The National Rifle Association initially kept its silence, but supporters of that unlovely body were quick to offer the usual useless rebuttals. We sympathise with Mr Martinez, they said. We understand his pain. But why are we blaming the gun laws rather than the young man who actually pulled the trigger? Isn’t this really about mental health?
One doesn’t need a PhD in advanced logic to negotiate a route around this empty argument. It is possible to hold Rodger responsible – or bemoan the sorry state of his addled brain – while still bemoaning the absurdly lax legislation that allowed him to wreak such appalling mayhem on the streets of Santa Barbara. This is not a zero-sum game.
As the days progressed, attention focused on the breathtakingly misogynistic screed and the video that Rodger created before reaching for his arsenal. “You girls aren’t attracted to me, but I will punish you all for it,” his vast “manifesto” explained. “I’ll take great pleasure in slaughtering all of you. You will finally see that I am in truth the superior one.”
Casual misogyny
More than a few writers got stuck into the cultural poisons that surely fuelled Rodger’s psychotic antagonism to women.
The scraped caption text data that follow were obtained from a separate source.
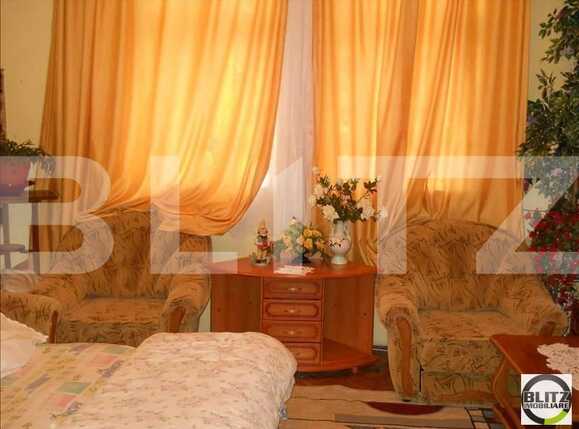 Garsonieră de vânzare Central - 1698AV | BLITZ Cluj-Napoca | Poza1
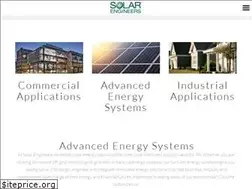 Sites similar to solarengineers.com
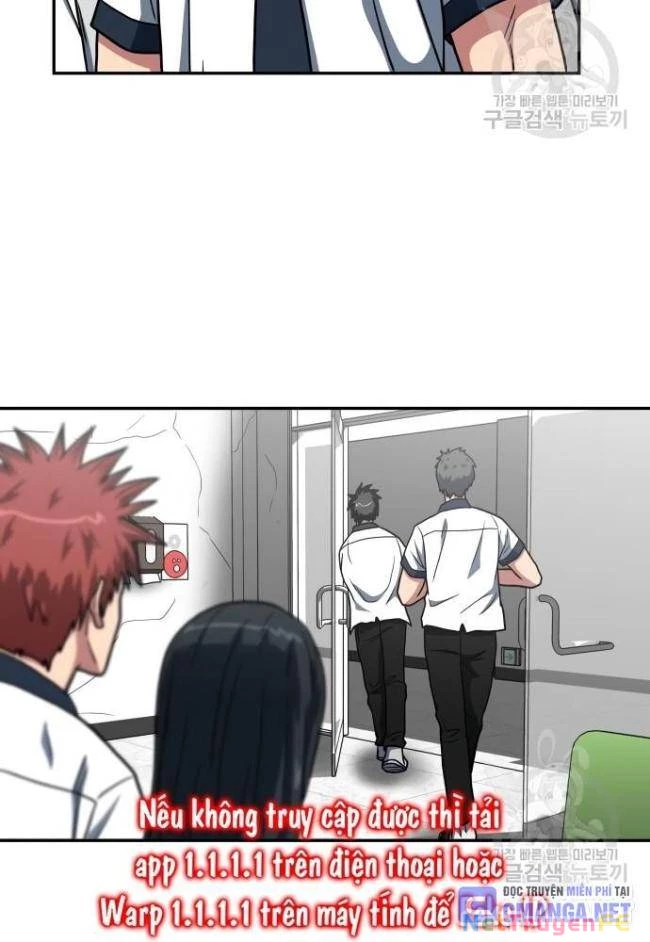 Trường Trung Học Thú Nhân Chapter 22 - Trang 2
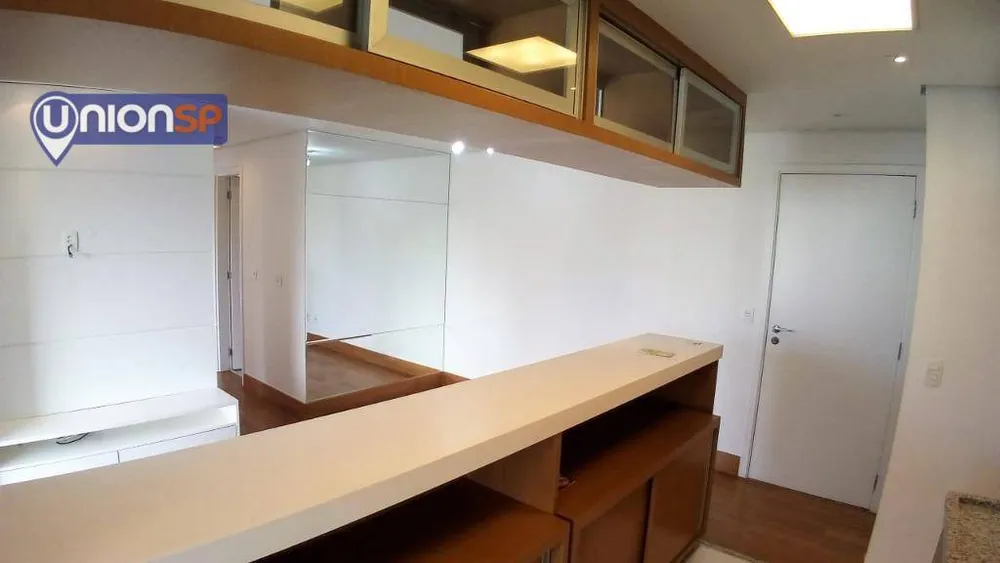 Apartamento, 2 quartos, 55 m² - Foto 3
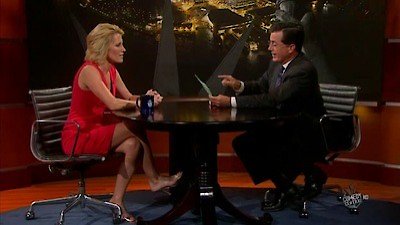 The Colbert Report Season 6 Episode 97
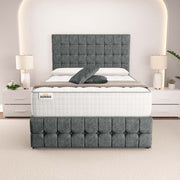 Rio Divan Bed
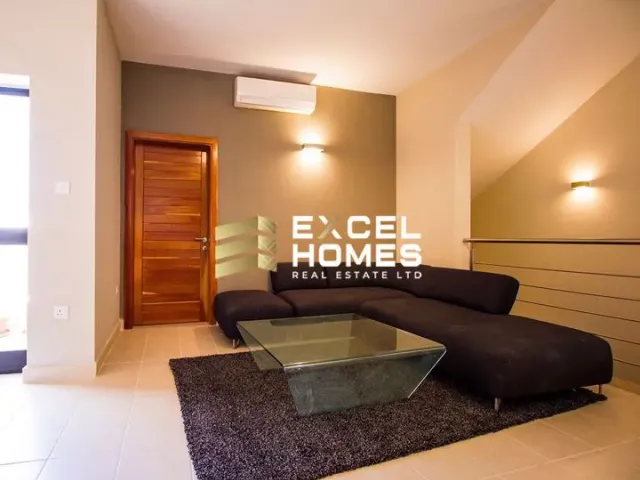 Maisonette in Swieqi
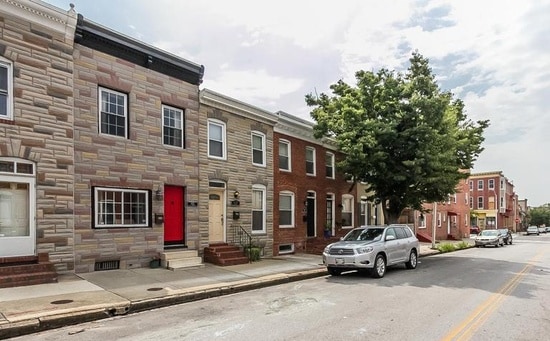 825 S Linwood Ave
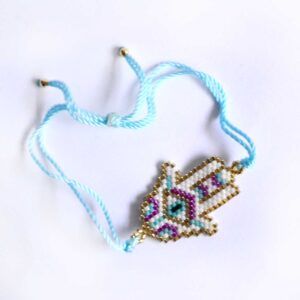 Pulsera de Microchaquira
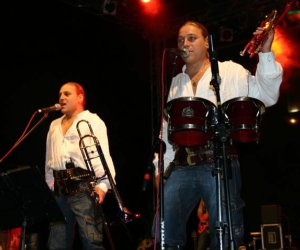 VII PODLASKIE ŚWIĘTO CHLEBA VII PODLASKIE ŚWIĘTO CHLEBA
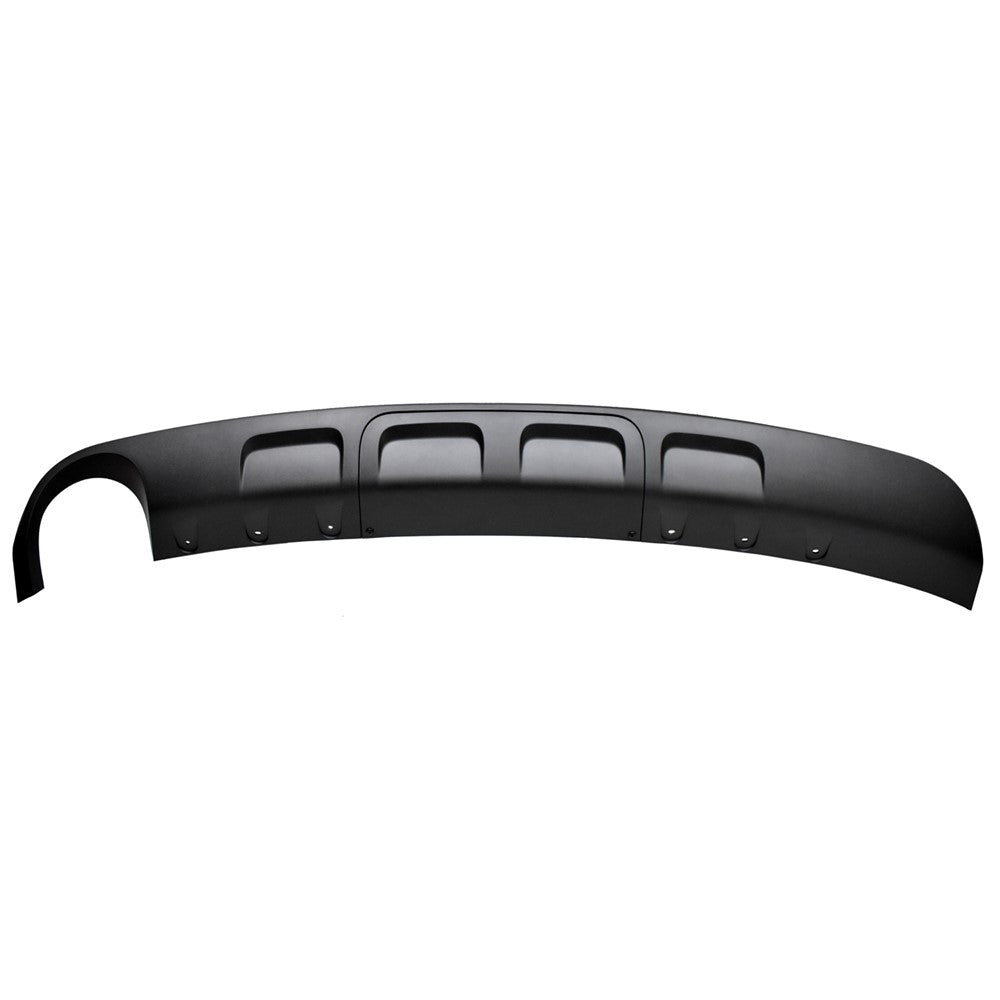 Rear Lower Valance Panel 2016-2018 Buick Envision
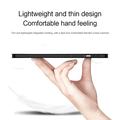 Honor Pad 20 Tri-Fold Series Smart Folio-etui - svart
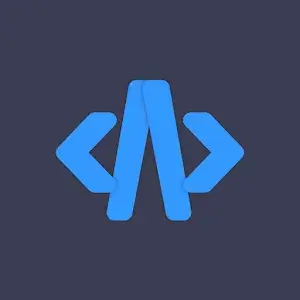 Acode – powerful code editor app icon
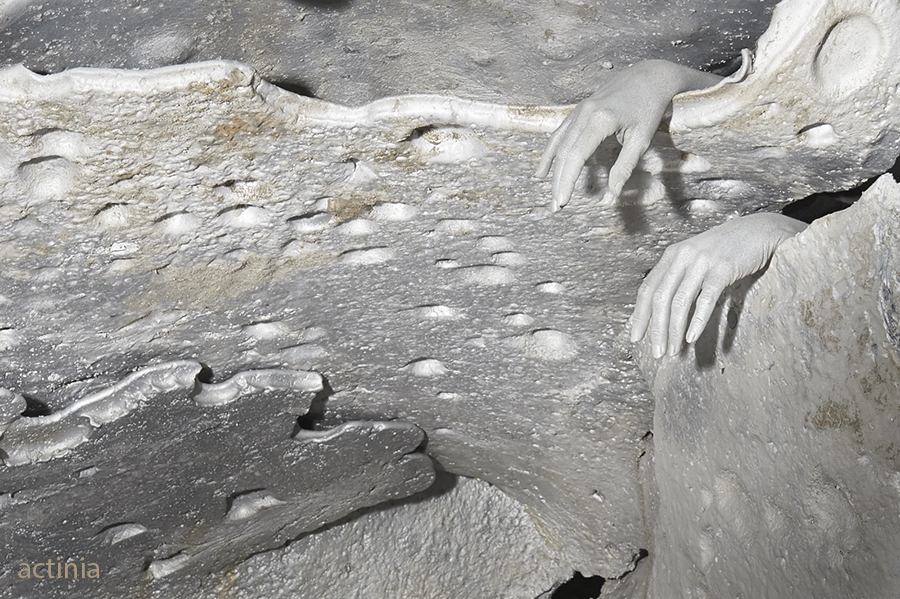 Silver II Foto & Bild | aluminiac, bodypainting, alu Bilder auf ...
The casual misogyny that characterises so much contemporary chatter finds formal expression in the ludicrous, whiny, pathetic “Men’s Rights Movement” (if ever an association deserved inverted commas it is that mob). Followers of this loosely defined mass-whinge claim that poor wee men have had their masculinity gutted by feminism and that an epidemic of false rape claims threatens what little sexual freedom they (“we”, I suppose) retain. Rodger addressed much of this gibberish in his 140-page self-justification.
Women move through environments where sexually licentious comments – online and in real life – are flung around with a promiscuity that threatens to deaden their impact. In a witty response to the argument that “not all men” are like that, a hashtag on Twitter, #yesallwomen, invited females to detail everyday examples of casual (and not so casual) misogyny.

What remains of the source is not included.